Use and interpret income measures
Knowing when to use medians over averages for better analysis and mapping results.
Knowing when to use medians over averages for better analysis and mapping results.
Esri's Data Development team produces demographic data (known as Updated Demographics) for the United States using a variety of sources to update small areas, beginning with the latest U.S. Census base along with a mixture of other private sources to capture demographic change. Alongside Updated Demographics, Esri provides U.S. Census Bureau and American Community Survey (ACS) demographics as a point of reference for understanding growth in an area and to provide additional community details.
Data tutorials educate both the novice and the expert analyst to learn more about a topic to properly incorporate Esri Demographics that are accessible within various products. In this tutorial, you will learn about the following:
First, you'll learn why income data is used and how these measures are defined.
Household Income is one of the most important indicators of financial well-being routinely used by analysts across many sectors. Knowing how to use and interpret measures of a distribution like medians and averages, allows for improved analysis and more insightful decision making. Understanding summarized income data is critical for accurate analysis. Medians, averages, and the difference between the two measures can reveal a great deal about the distribution of wealth in an area.
Household Income of an area is usually summarized in one of two measures---Median or Average Household Income. Esri provides Household Income information for nine discrete income intervals upon which Median and Average Income are computed.
Median Household Income is one of the most widely used measures of income. Medians represent the midpoint value of a distribution. As depicted with the image shown right, values at the upper and lower ends of a distribution are not taken into account.
The strength of a median value is its immunity from the influence of extreme values in the tails of an income distribution. However, this can also be a weakness of the measure, as it does not capture the overall status of an area's income.
Average Household Income sums all of the Household Incomes in an area and divides by the number of Households with reported income in the area. As depicted with the image shown right, all values of a distribution are taken into account.
The primary strength of an average is its ability to capture the entire income distribution, providing more information than a median. However, averages can be heavily skewed by a top or bottom-heavy distribution.
All Households (depicted in green) are incorporated into an average.
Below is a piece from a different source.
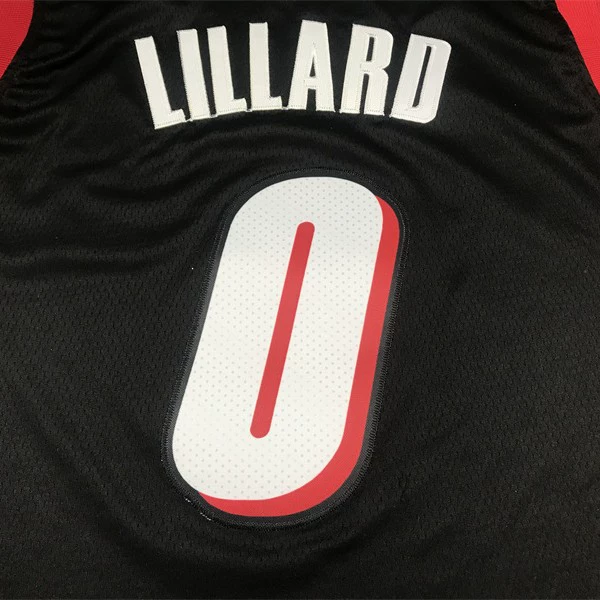 Вышитая баскетбольная майка Trail Blazers №0 Лиллард баскетбольная майка Trail Blazers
Next, let's compare the median and average income measures to see how different the analytic outcomes can be. Shown are two map images of the U.S. by county using Esri Median and Average Household Income estimates. For demonstration purposes, the sample U.S. Median Household Income is $56,000, while the U.S. Average Household Income is $80,000. Toggle between the two slides to compare maps.
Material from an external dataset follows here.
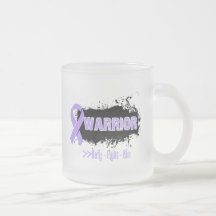 Grunge - WARRIOR - Cancer Coffee Mugs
Notice how a majority of the counties are shaded in light green in this Median Household Income map. Areas shaded in the lightest green depict Median Income values less than $25,000. The darkest green areas represent values of $100,000 or more.
In comparison, the Average Household Income map reveals more counties that are shaded in darker green.
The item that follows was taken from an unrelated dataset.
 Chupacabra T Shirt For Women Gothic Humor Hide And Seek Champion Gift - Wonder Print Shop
Areas shaded with the lightest green depict Average Income values less than $35,000. The darkest green areas represent Average Income values of $125,000 or more.
The take away from mapping these two income measures is that Average Household Income tends to fall in higher income categories (dark green shaded areas) more often than Median Household Income.
Another way to visualize differences between Median and Average Income is to rank the data. This chart shows which U.S. counties rank in the top 15 for Median and Average Household Income.
Notice how Nantucket County, Massachusetts ranks 14th in the country for Median Household Income, but ranks 50th for Average Household Income.
And Marin County, CA ranks 4th in the country for Average Household Income but 16th for Median Household Income.
Understanding the differences in the median and average can help you select the right statistic for your analysis. In the U.S., the differences in these types of measurements are largely driven by high income households that far exceed the uppermost reported income category. In other words, the upper tail of the income distribution influences the average, while the median, by definition, cannot capture this information. There are also areas in the U.S. that show the opposite pattern in which averages are driven lower than medians in areas dominated by lower income households.
In some analyses it is necessary to take advantage of both income measures.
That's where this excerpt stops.